===== Given information =====

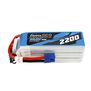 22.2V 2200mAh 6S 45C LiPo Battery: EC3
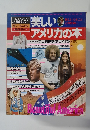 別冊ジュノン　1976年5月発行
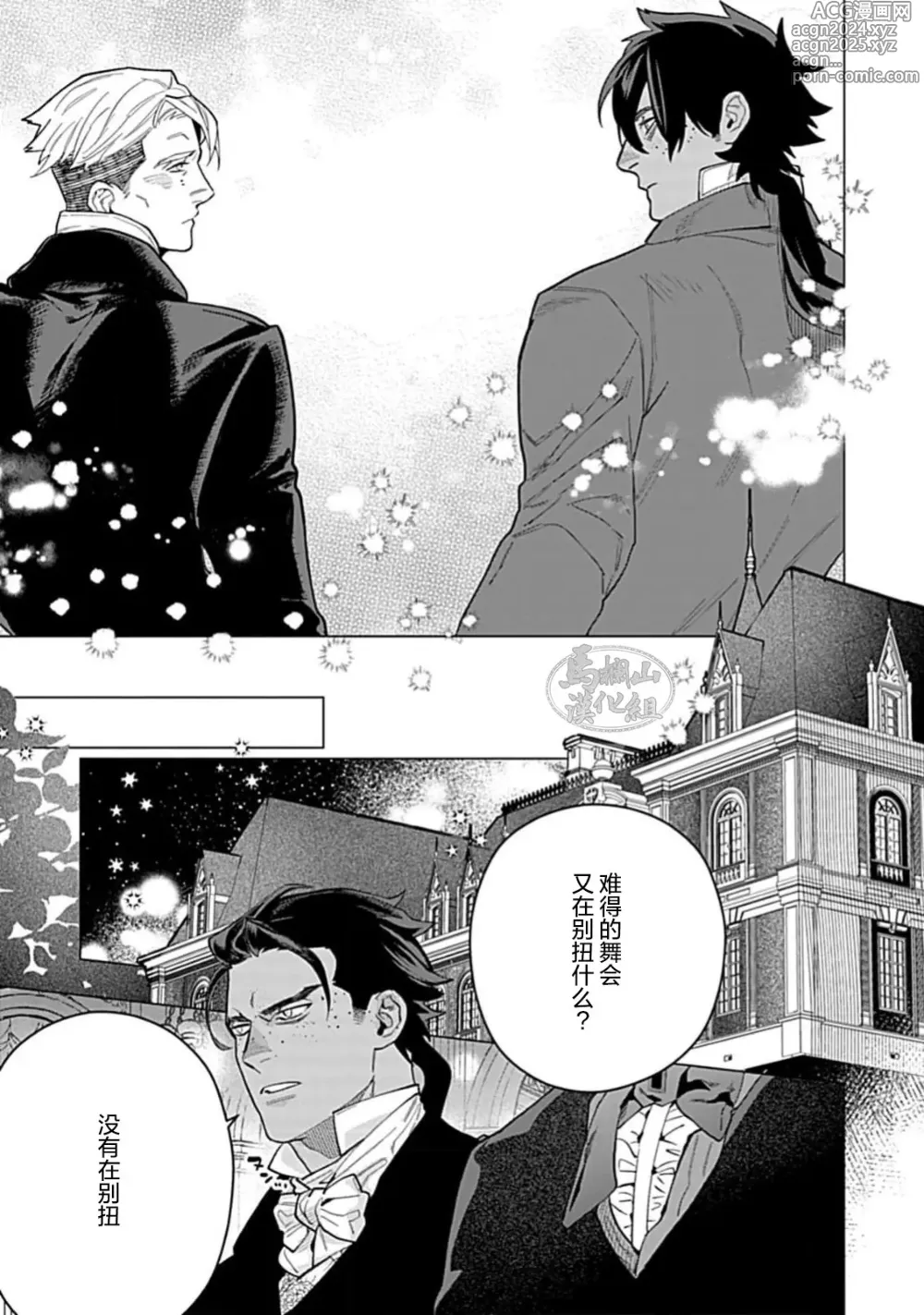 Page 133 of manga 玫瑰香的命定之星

=====
===== Given information =====

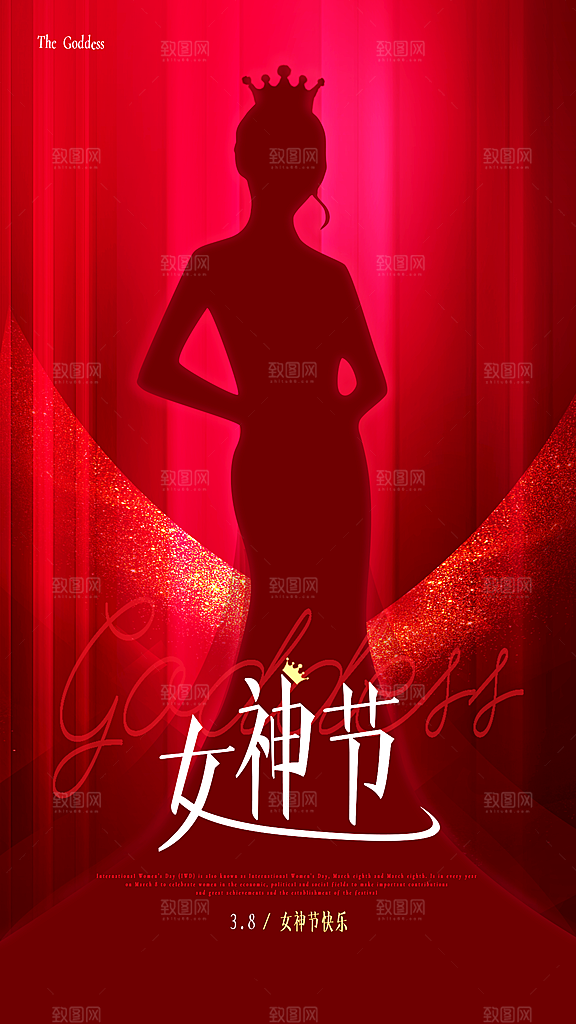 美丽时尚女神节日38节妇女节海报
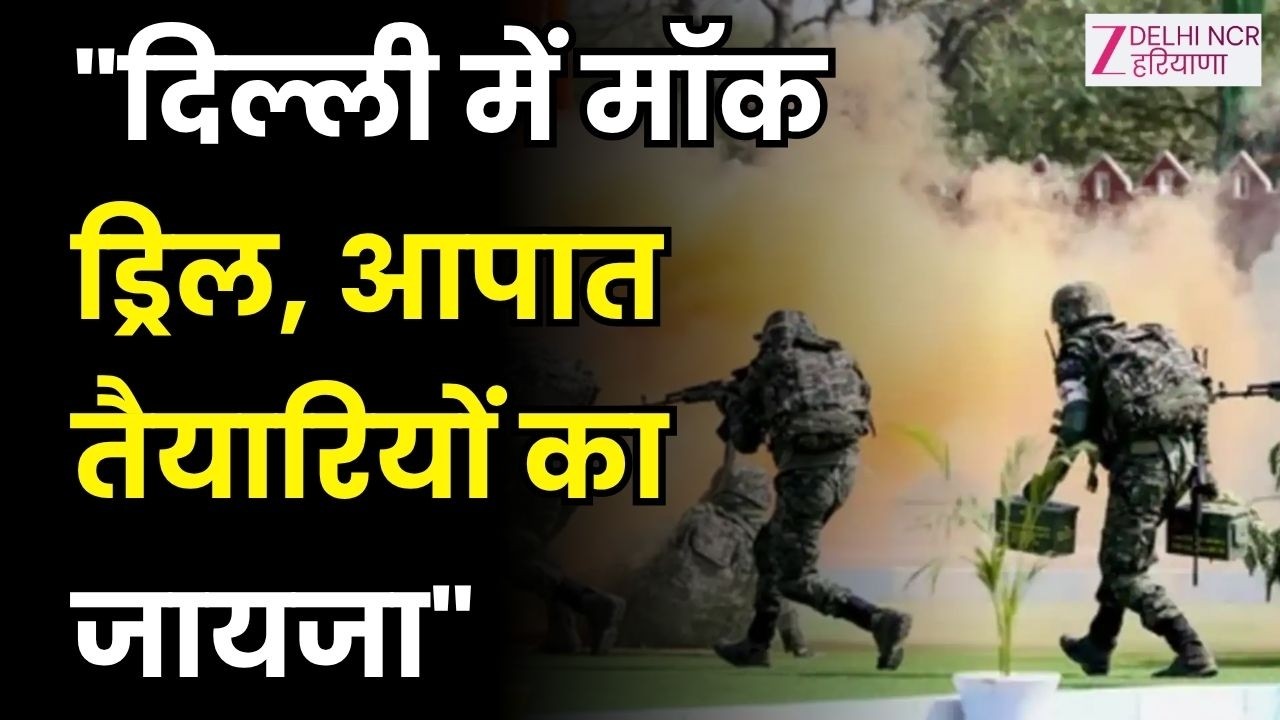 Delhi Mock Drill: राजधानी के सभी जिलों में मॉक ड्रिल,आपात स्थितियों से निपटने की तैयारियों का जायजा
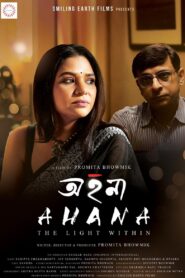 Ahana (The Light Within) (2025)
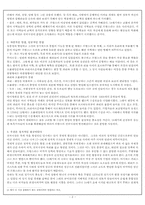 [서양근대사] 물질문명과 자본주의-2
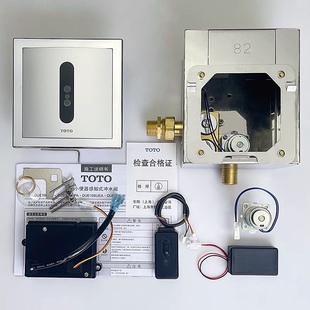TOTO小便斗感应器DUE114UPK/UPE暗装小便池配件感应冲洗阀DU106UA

=====

Work item: From the line holding "22.2V 2200mAh 6S 45C LiPo Battery: EC3" to the line holding "Page 133 of manga 玫瑰香的命定之星", both included, retype the entries above exactly and drop the pictures.

Finished task:
 22.2V 2200mAh 6S 45C LiPo Battery: EC3
 別冊ジュノン　1976年5月発行
 Page 133 of manga 玫瑰香的命定之星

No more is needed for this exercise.